Robin A. Lenhardt is Professor of Law at Georgetown Law and was formerly a Professor of Law and Faculty Director of the Center on Race, Law and Justice at Fordham Law School. Professor Lenhardt specializes in matters pertaining to race, family, and citizenship. In addition to Fordham, she has held teaching positions at Columbia Law School, the Georgetown University Law Center, and the University of Chicago Law School. Before entering legal academia, Professor Lenhardt held a number of positions in the private and non-profit sectors. A law clerk to U.S. Supreme Court Justice Stephen G. Breyer and Judge Hugh Bownes of the U.S. Court of Appeals for the First Circuit, Professor Lenhardt was formerly a Counsel in the Washington, D.C. office of Wilmer, Cutler & Pickering, where she was a member of the litigation team that defended the University of Michigan in the Grutter v. Bollinger and Gratz v. Bollinger affirmative action lawsuits. Professor Lenhardt received a Skadden Foundation Fellowship to work as a staff attorney for the National Lawyers’ Committee for Civil Rights and was employed as an attorney advisor in the U.S. Department of Justice’s Office of Legal Counsel. She later returned to DOJ to review civil rights issues as part of President Barack Obama’s transition team. Professor Lenhardt’s scholarship has appeared in numerous books and journals, including the California Law Review, the New York University Law Review, and the UCLA Law Review. Professor Lenhardt is currently co-editor of a book entitled Critical Race Judgements: U.S. Opinions on Race and Law that will be published by Cambridge University Press.

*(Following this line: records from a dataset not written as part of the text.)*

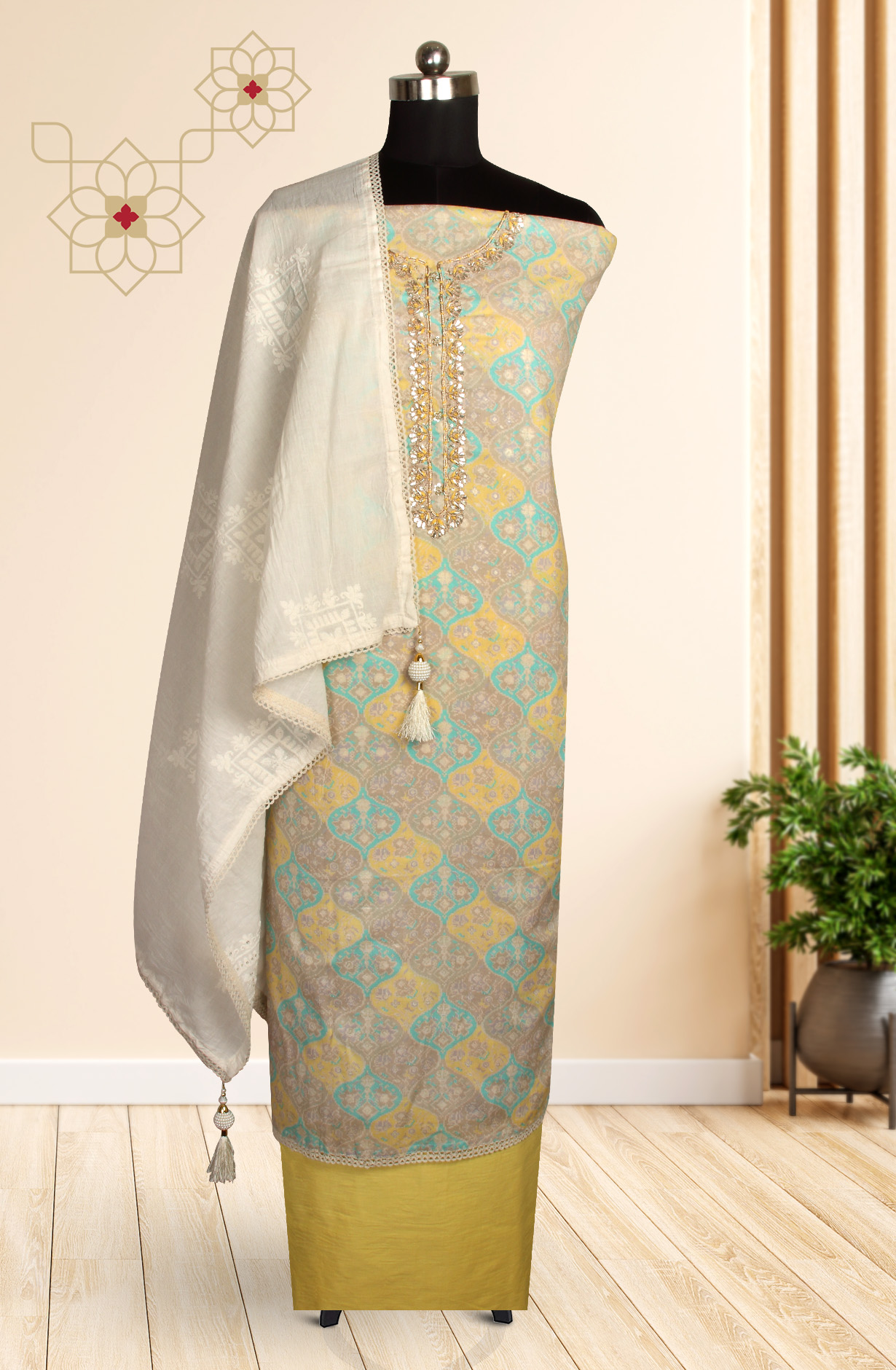 Multi-coloured Cotton Printed Salwar Suit with Beautiful Dupatta - 131-RT5205B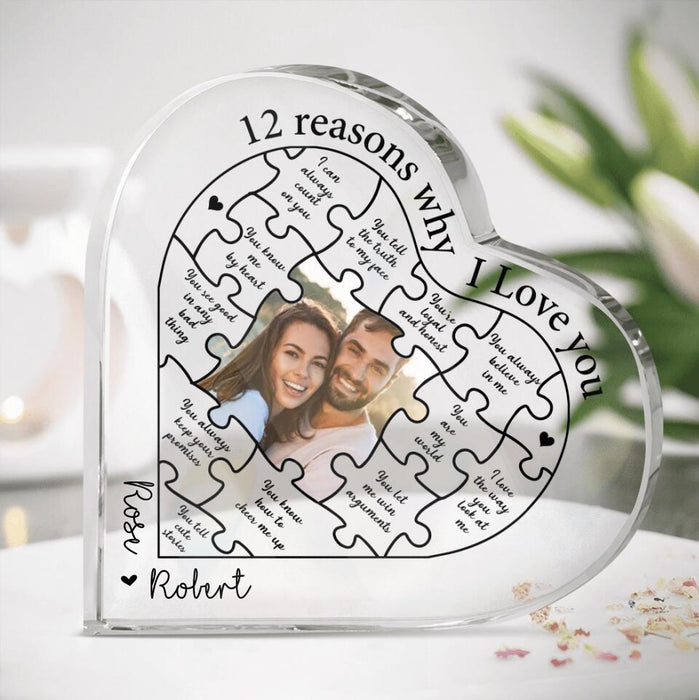 Custom Personalized Couple Crystal Heart - Upload Photo - Gift Idea For Couple/ Mother's Day Gift From Husband - 12 Reasons Why I Love You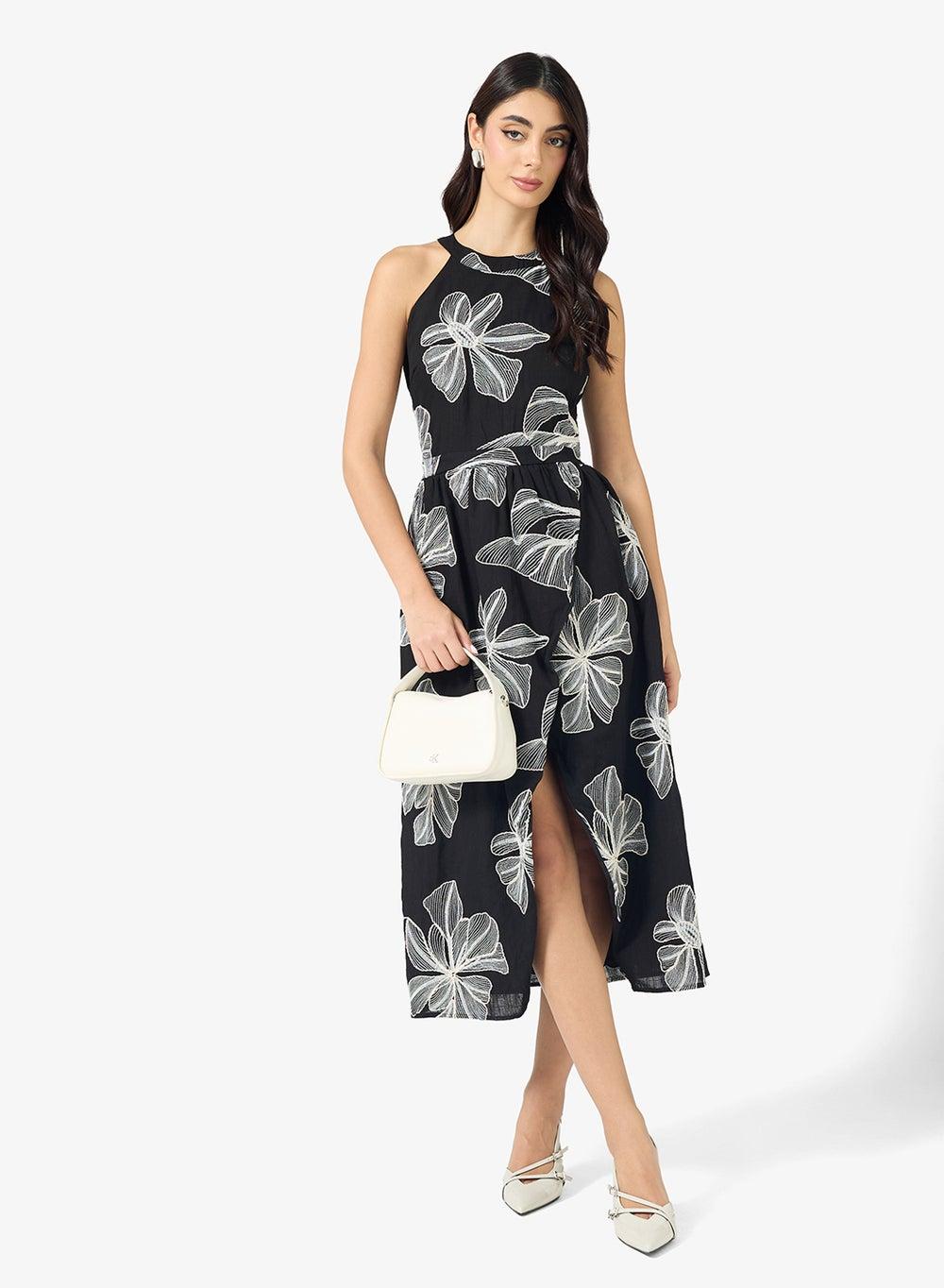 Floral Embroidered Halter Neck Midi Dress - Image 1
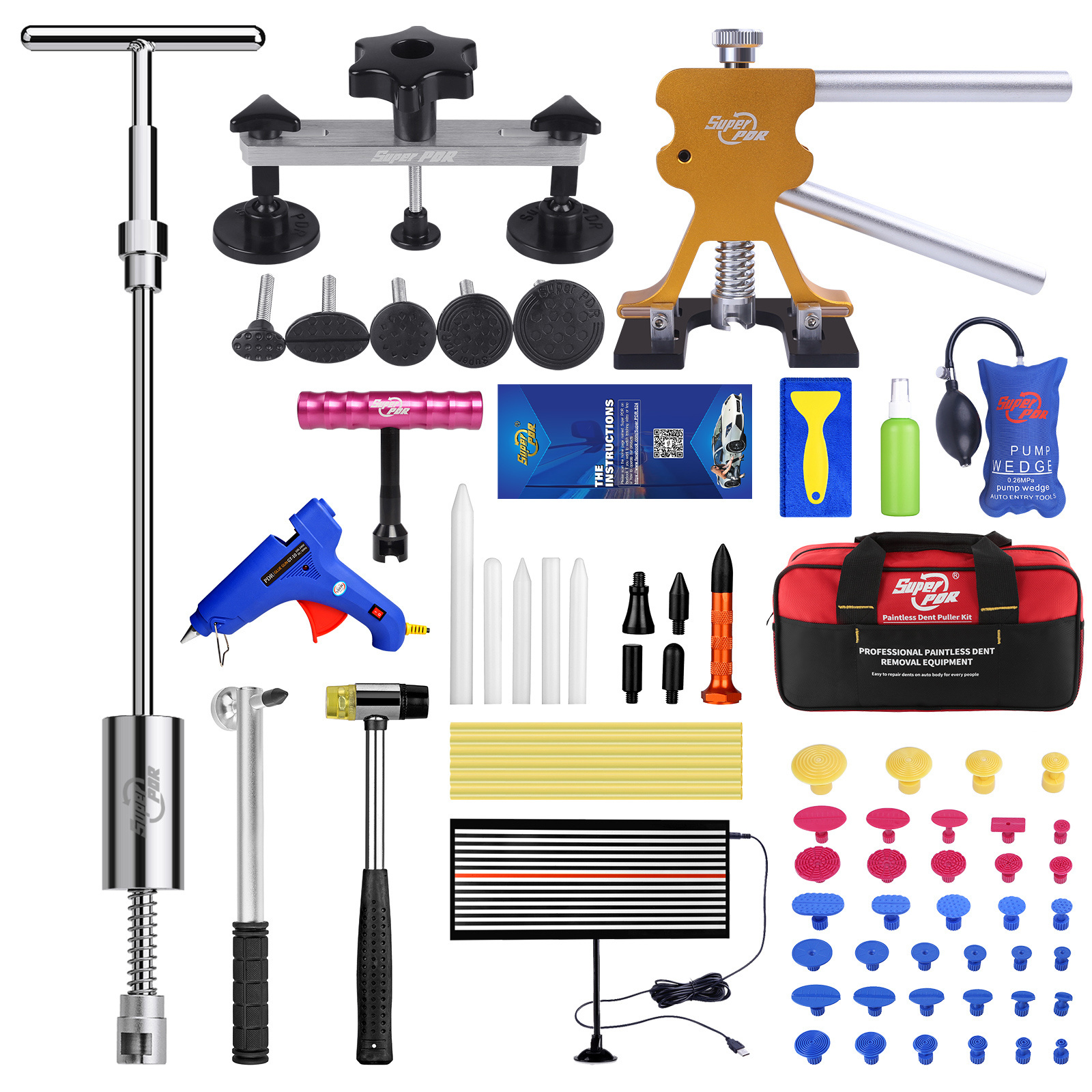 Super PDR other vehicle tools kit dent lifter slide hammer glue gun lamp line board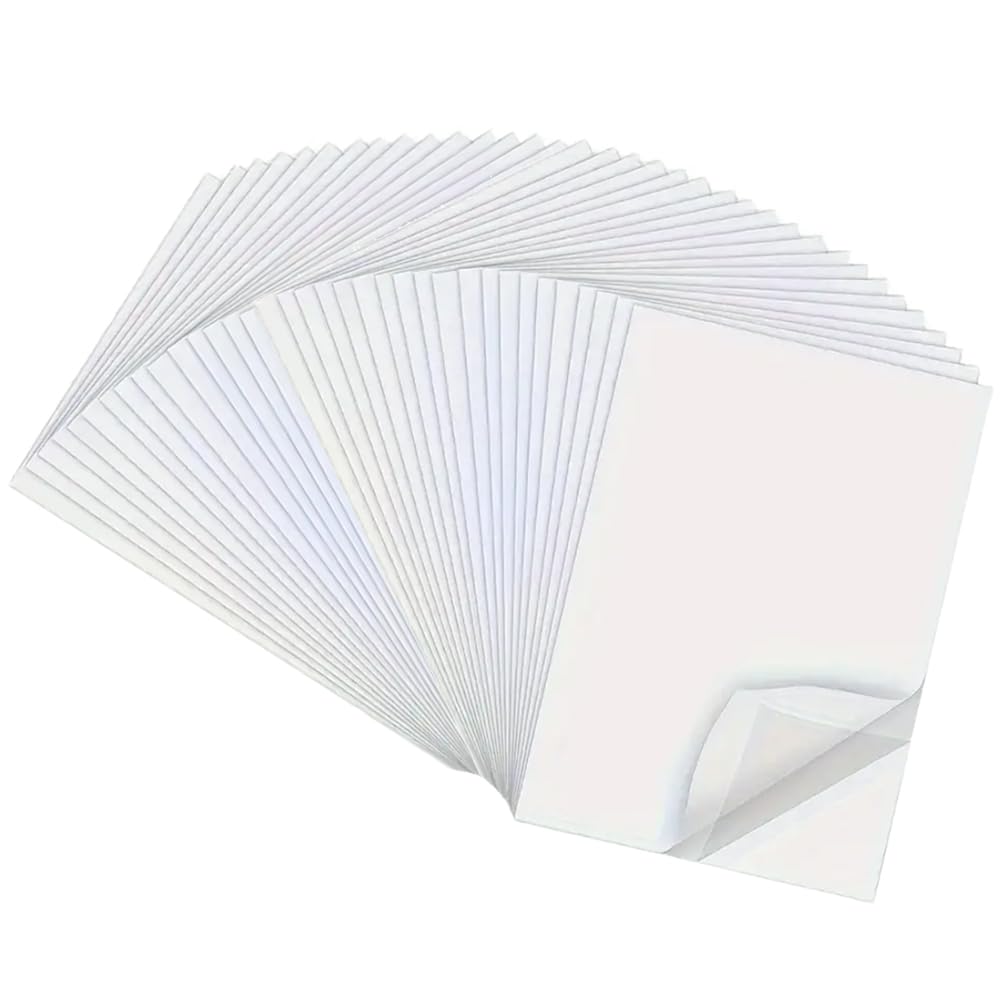 Kjzeex 36 Pcs Double Sided Adhesive Sheets, A4 Clear Self-Adhesive Sticky Craft Tape Sheet for Crafts DIY Arts Photo Albums Making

She holds an A.B. degree in English from Brown University; a JD from Harvard Law School; an MPA from Harvard University’s John F. Kennedy School of Government; and an LLM from the Georgetown University Law Center.


Tonya L. Brito

Tonya L. Brito is the Jefferson Burrus-Bascom Professor of Law at University of Wisconsin Law School and a Faculty Affiliate with UW’s Institute for Research on Poverty. She previously served as the UW Law School’s Associate Dean for Research and Faculty Development and as Director of its Institute for Legal Studies. Her research interests include access to justice, family law and policy, law and inequality, socio-legal studies, critical race empiricism, and qualitative research methods. An award-winning scholar, Professor Brito's scholarship critically examines the role of the civil justice system in exacerbating social inequality and the intersection of family law and poverty law.  She is the principal investigator of a multi-year, multidisciplinary empirical study examining how the provision of counsel and more limited forms of legal assistance shapes access to justice for low-income civil litigants in family court.  Her research is supported by the Russell Sage Foundation, the National Science Foundation’s Law and Social Sciences Program, and numerous other funders.  In 2016, the Law and Society Association awarded Professor Brito the John Hope Franklin Prize Honorable Mention, which is given for the best scholarly article on Race, Racism and the Law published within the prior two years. She is a recipient of both the University of Wisconsin-Madison’s 2012 Outstanding Women of Color in Education Award and the University of Wisconsin System’s 2012 Outstanding Women of Color in Education Award. Professor Brito received her A.B with honors Barnard College and her J.D. cum laude from Harvard Law School.   


Jessica Dixon Weaver

Jessica Dixon Weaver is an Associate Professor at Southern Methodist University Dedman School of Law where she teaches Family Law, Advanced Family Law, Professional Responsibility, and Children and the Law.  She received her B.A. from the University of Pennsylvania and her J.D. from the University of Virginia School of Law.  Professor Weaver served as the first Director of the W.W. Caruth, Jr. Child Advocacy Clinic at SMU from 2002 - 2009.  She joined the tenure track faculty in 2009 and became the first African American female to earn tenure at the law school in 2015. Professor Weaver is an expert in child welfare law and public policy, and much of her scholarship focuses on theorizing methods for improvement of the legal systems and policies affecting families and children.  Her current research and scholarship focuses on the historical and current impact of race and gender on family construction and state regulation of the family. She also theorizes about intergenerational caregiving for children and senior citizens. She is the co-author of three books, Family Law Simulations:  Bridge to Practice (West Academic, 2021), Adoption Law:  Theory, Policy, and Practice, 3rd ed. (Hein, forthcoming 2021), and Contemporary Family Law, 6th ed. (West Academic, forthcoming 2023). She was recently awarded the 2019-20 and 2020-21 Robert G. Storey Distinguished Faculty Research Fellowship from SMU Dedman School of Law, and the 2019 Gerald D. Ford Senior Research Fellowship, a University-wide award.


Jasmine Gonzales Rose

Jasmine Gonzales Rose is a Professor at Boston University School of Law and the Associate Director of Policy at the BU Center for Antiracist Research founded by Ibram X. Kendi in July 2020. Prior to joining Boston University, she taught at the University of Pittsburgh and, briefly as a teaching fellow, at California Western School of Law. She is a critical proceduralist and is particularly interested in the intersections of racism and linguicism within two areas: juries and evidence. She is a leading criticalist voice on Evidence Law, with a focus on the evidentiary issues raised by racialized police violence. She is also an expert on juror language disenfranchisement.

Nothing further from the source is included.